Workwise, based in Bury St Edmunds, says the recent introduction of personalised budgets – for people needing to access health or social care – has led to a huge increase in the number people accessing its services across Suffolk.
Personalised budgets were first introduced in the UK in 2008 and rolled out nationwide in 2010 as part of the Government’s much heralded ‘personalisation’ plan. The plan aimed to give service users greater choice and control over the care and support they receive. Under the new system once an individual’s needs have been professionally assessed they are provided with a budget to spend on a range of care options, leaving them able to choose their preferred service provider.
Since the introduction of personalised budgets Workwise has seen an increase of 438% in referrals to its service. Of all those attending the various Workwise training centres 54% have utilised their personalised budgets to pay for their support, a testimony to the value given to the charity’s work.
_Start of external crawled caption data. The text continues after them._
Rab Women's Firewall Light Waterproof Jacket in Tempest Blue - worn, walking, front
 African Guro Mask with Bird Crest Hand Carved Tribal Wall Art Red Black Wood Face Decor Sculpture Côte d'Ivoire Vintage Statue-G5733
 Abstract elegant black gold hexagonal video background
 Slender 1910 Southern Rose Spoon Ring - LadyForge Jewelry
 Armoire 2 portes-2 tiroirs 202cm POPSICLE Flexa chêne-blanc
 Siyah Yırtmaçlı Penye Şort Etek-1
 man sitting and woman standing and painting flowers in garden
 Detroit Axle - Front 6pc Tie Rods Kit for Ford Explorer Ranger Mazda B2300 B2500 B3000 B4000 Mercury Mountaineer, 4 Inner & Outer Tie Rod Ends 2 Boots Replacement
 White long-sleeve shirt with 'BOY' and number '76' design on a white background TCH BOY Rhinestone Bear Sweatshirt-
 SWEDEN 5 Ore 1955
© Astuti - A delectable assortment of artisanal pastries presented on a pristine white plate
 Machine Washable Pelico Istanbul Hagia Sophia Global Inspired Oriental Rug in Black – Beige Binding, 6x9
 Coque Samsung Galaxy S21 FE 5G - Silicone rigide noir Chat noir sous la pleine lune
Val Beresford, Workwise Chief Executive, said: “When personalised budgets were first introduced there was a lot of scepticism and there was a lot of fear of how charities like us may be effected. However, we decided to grasp the nettle and by working closely with commissioners, care co-ordinators and clients we have managed to turn the new system to our advantage.
“Our performance proves personalised budgets can work in the mental health arena, we really our leading the field in this aspect, an achievement we are very proud of. Of course the most important outcome is more people are now benefitting from the services we provide, helping more and more people to recover from mental ill health. Another bonus is that now we are working directly with care coordinators we can now offer our services to people across the county, where as previously we were restricted to supporting those in and around Bury St Edmunds.”
In the past 25 years the charity has helped 5,000 people with long-term mental ill health back into work, gain qualifications or to take part in community activities. Its most recent annual report revealed that over the past two years 674 of the 1,000 people it has worked with have gone back into open employment, voluntary work or further education.